» What you should do
Copy, exactly and without additions, every line in the records below from the one holding "https://img.miyanlife.com/mnt/timg/200121/12525332G-0.jpg" through the one holding "Найдена кошка, Волгоград, фото: Найдена", both ends included.
[Available data]
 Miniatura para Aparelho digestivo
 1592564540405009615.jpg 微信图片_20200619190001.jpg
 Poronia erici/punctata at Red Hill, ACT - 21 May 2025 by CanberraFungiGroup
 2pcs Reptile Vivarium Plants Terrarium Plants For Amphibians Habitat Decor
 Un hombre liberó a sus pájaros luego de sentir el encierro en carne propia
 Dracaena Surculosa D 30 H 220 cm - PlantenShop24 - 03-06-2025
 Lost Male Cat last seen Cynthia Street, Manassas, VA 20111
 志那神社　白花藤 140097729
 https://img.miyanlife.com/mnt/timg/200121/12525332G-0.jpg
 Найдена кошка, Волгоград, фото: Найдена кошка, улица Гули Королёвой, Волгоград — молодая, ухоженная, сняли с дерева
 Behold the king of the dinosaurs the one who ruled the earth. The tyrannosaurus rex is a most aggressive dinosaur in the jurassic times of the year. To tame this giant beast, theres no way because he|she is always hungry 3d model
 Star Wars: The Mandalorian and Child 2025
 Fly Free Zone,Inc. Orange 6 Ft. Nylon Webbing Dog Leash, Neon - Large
[/Available data]
» Output below
 https://img.miyanlife.com/mnt/timg/200121/12525332G-0.jpg
 Найдена кошка, Волгоград, фото: Найдена кошка, улица Гули Королёвой, Волгоград — молодая, ухоженная, сняли с дерева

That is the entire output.